◆ Problem description: Everything from the line containing "芦溪移动式卸货平台（叉车用）" through the last line of the listing below should be returned exactly, except for pictures.

◆ Material to process:
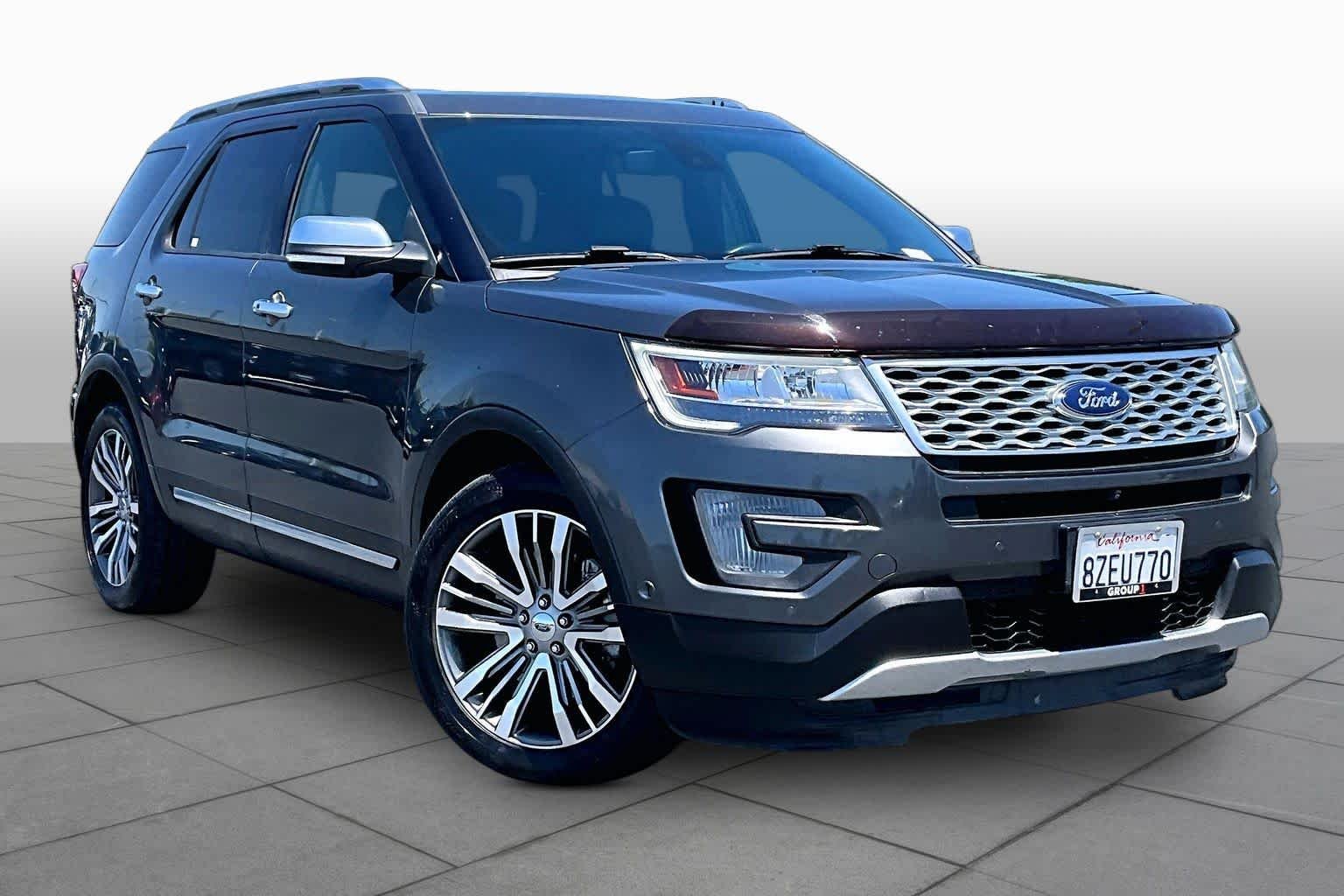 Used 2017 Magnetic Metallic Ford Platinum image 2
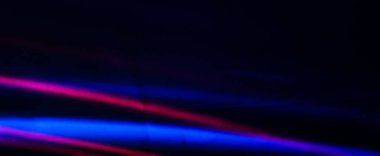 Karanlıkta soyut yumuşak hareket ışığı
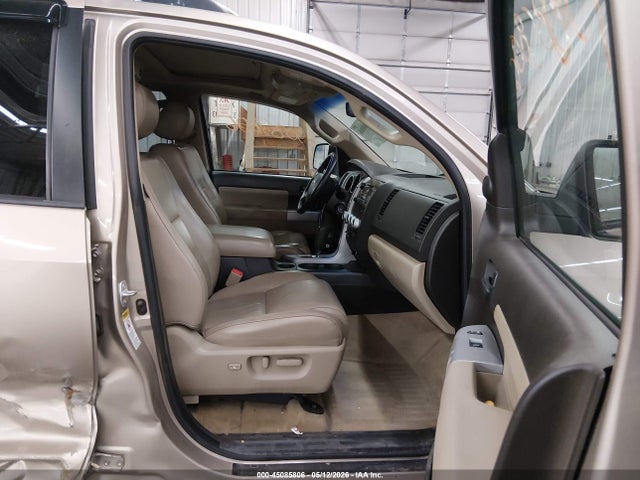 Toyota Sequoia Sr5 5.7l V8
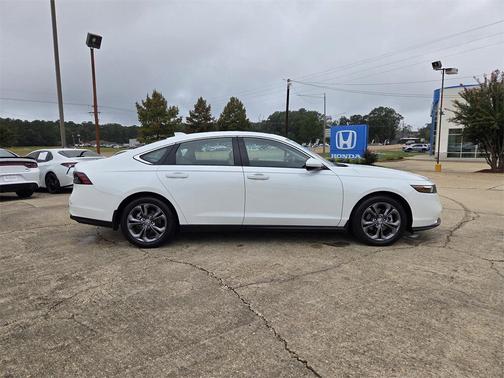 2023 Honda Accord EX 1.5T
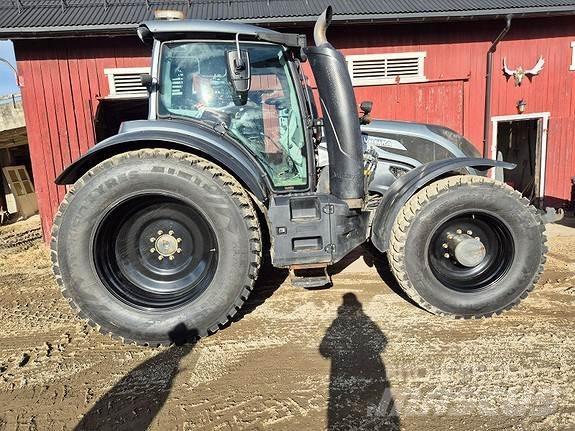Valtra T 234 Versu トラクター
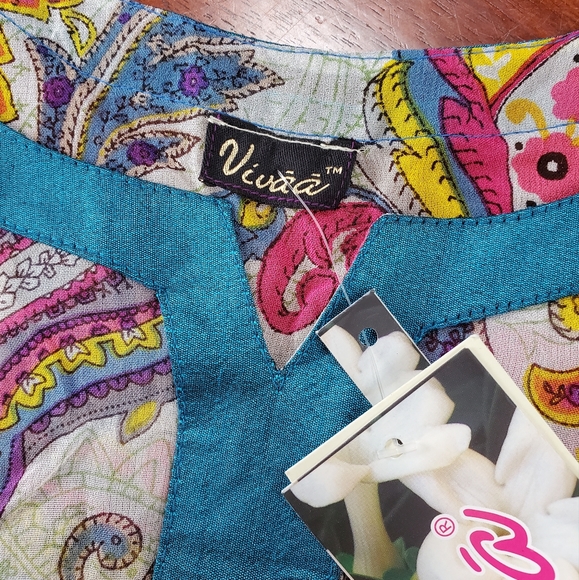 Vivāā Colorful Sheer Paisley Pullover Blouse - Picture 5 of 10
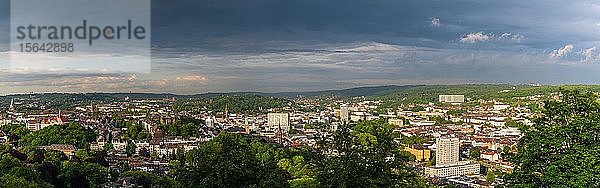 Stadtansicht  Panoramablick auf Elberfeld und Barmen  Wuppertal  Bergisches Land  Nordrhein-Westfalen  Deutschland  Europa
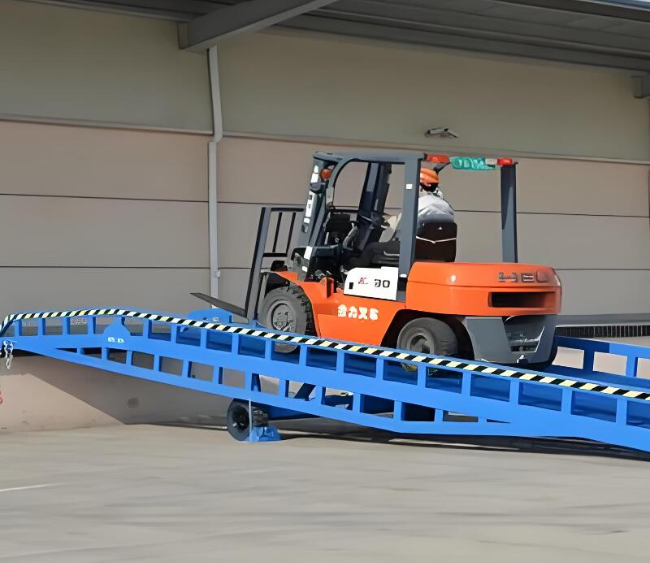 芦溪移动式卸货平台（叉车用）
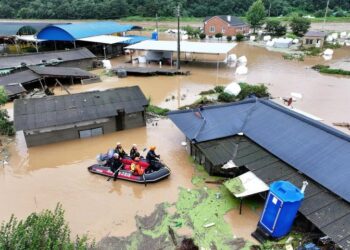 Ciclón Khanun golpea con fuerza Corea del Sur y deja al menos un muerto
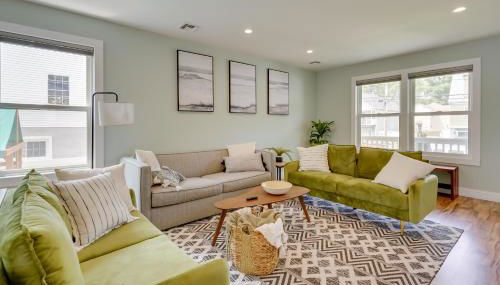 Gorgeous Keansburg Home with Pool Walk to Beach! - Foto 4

◆ Answer to this exercise:
 芦溪移动式卸货平台（叉车用）
 Ciclón Khanun golpea con fuerza Corea del Sur y deja al menos un muerto
 Gorgeous Keansburg Home with Pool Walk to Beach! - Foto 4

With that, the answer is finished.